Assignment 1

Dates and rules.

This assignment is for groups of 2 students. Student groups must be registered by October 18.

All students should try to find assignment partners by October 18. Use the tutorial class hangouts if you need to find a partner

.

Students who are unable to find a partner will not register a group and can submit the assignment alone

.

The assignment can be submitted between October 19 and October 24.

The deadline for submitting the assignment is October 24, 23:59.

There is an additional tolerance of 48 hours for solving any problems with your submission. This period should be used exclusively for this purpose. No submissions will be accepted after 23:59 of October 26.

You must submit a zip file containing, at least, these four files, named exactly as specified (names are case-sensitive):

TP1.txt
This is the questions and answers file.
TP1.py
This is a Python 3.x script that can be used to run your assignment.
LR.png
The plot of training and cross-validation errors for the C parameter of the Logistic Regression classifier.
NB.png
The plot of training and cross-validation errors for the KDE kernel width of your implementation of the Naïve Bayes classifier.

Optionally, you can include other python modules if you wish to separate your code into several files.

Objective

The goal of this assignment is to parametrize, fit and compare Logistic Regression and Naive Bayes classifiers. The data set is inspired on the banknote authentication problem in the UCI machine learning repository, but the data was adapted for this assignment. You can download the data files from here:

TP1_train.tsv
This is the training data set. Use this to optimize parameters and train the classifiers.
TP1_test.tsv
This is the test set for estimating the true error and comparing the final classifiers.

The first classifier to use is Logistic Regression. Use the LogisticRegression class from sklearn.linear_model. You need to find the best value for the regularization parameter C.

You must implement your own Naïve Bayes classifier using Kernel Density Estimation for the probability distributions of the feature values. For this, you can use any code from the lectures, lecture notes and tutorials in this course that you find useful. Also, use the KernelDensity class from sklearn.neighbors.kde for the density estimation.

You will need to find the optimum value for the bandwitdh parameter of the kernel density estimators you will use. Use the training set provided in the TP1_train.tsv for this.

The last classifier will be the Gaussian Naïve Bayes classifier in the sklearn.naive_bayes.GaussianNB class.
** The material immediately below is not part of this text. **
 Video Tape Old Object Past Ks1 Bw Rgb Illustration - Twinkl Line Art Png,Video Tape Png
You do not need to adjust parameters for this classifier

Finally, compare the performance of the three classifiers, identify the best one and discuss if it is significantly better than the others.
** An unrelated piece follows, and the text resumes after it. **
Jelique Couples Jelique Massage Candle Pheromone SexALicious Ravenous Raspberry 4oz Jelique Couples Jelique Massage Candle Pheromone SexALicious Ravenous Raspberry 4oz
The data are available on .tsv files where each line corresponds to a bank note and the five values, separated by commas, are, in order, the four features (variance, skewness and curtosis of Wavelet Transformed image and the entropy of the bank note image) and the class label, an integer with values 0 for real bank notes and 1 for fake bank notes.
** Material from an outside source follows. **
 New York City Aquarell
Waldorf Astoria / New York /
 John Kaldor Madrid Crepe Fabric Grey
In addition to the code, you must include two plots with the training and cross-validation errors for the optimization of the regularization parameter for Logistic Regression (this plot must be named LR.png) and the bandwidth parameter of your classifier (this plot must be named NB.png). These plots should have a legend identifying which line corresponds to which error.

Furthermore, you must also answer a set of questions about this assignment. The question files are available here (choose one only). Right-click the links and save the chosen file locally. You must include the file with your answers in the zip file when submitting the assignment.

Guidelines for the implementation (NOTE: Updated on 2019-10-10)

These are suggestions to help you understand what is required in this assignment. This section may be updated to clarify questions that arise during the assignment.

  • Process the data correctly, including randomizing the order of the data points and standardizing the values.
  • Determine the parameters with cross validation on the training set, leaving the test set for the final comparisons.
  • Use the same bandwidth value for all the Kernel Density Estimators in each instance of your Naïve Bayes classifier, and try values from 0.02 to 0.6 with a step of 0.02 for the bandwidth.
  • Use the default kernel ('gaussian') for the Kernel Density Estimators.
  • To optimize the C parameter of the Logistic Regression try values ranging from 10-2 through 1012 with an exponential scale (i.e. 10-2, 10-1, ..., 1011, 1012)
  • When splitting your data for cross validation use stratified sampling.
  • Use 5 folds for cross validation
  • Use the fraction of incorrect classifications as the measure of the error. This is equal to 1-accuracy, and the accuracy can be obtained with the score method of the classifiers provided by the Scikit-learn library.
  • For your Naïve Bayes classifier, you can implement your own measure of the accuracy or use the accuracy_score function in the metrics module if you find it useful.
  • For comparing the classifiers, use the approximate normal test and McNemar's test, both with a 95% confidence interval

Note on plagiarism

Plagiarism is any attempt to make someone seem the author of some work which is not really theirs. Plagiarism breaks the necessary trust for fair evaluation and any student submitting plagiarized work or helping others submit plagiarized work will fail the course immediately. If you rely on material other than what was provided in this course you must identify it and credit your sources.

Also note that you will be graded on the work you actually did, so even if you avoid plagiarism by crediting your sources you still need to do your own implementation.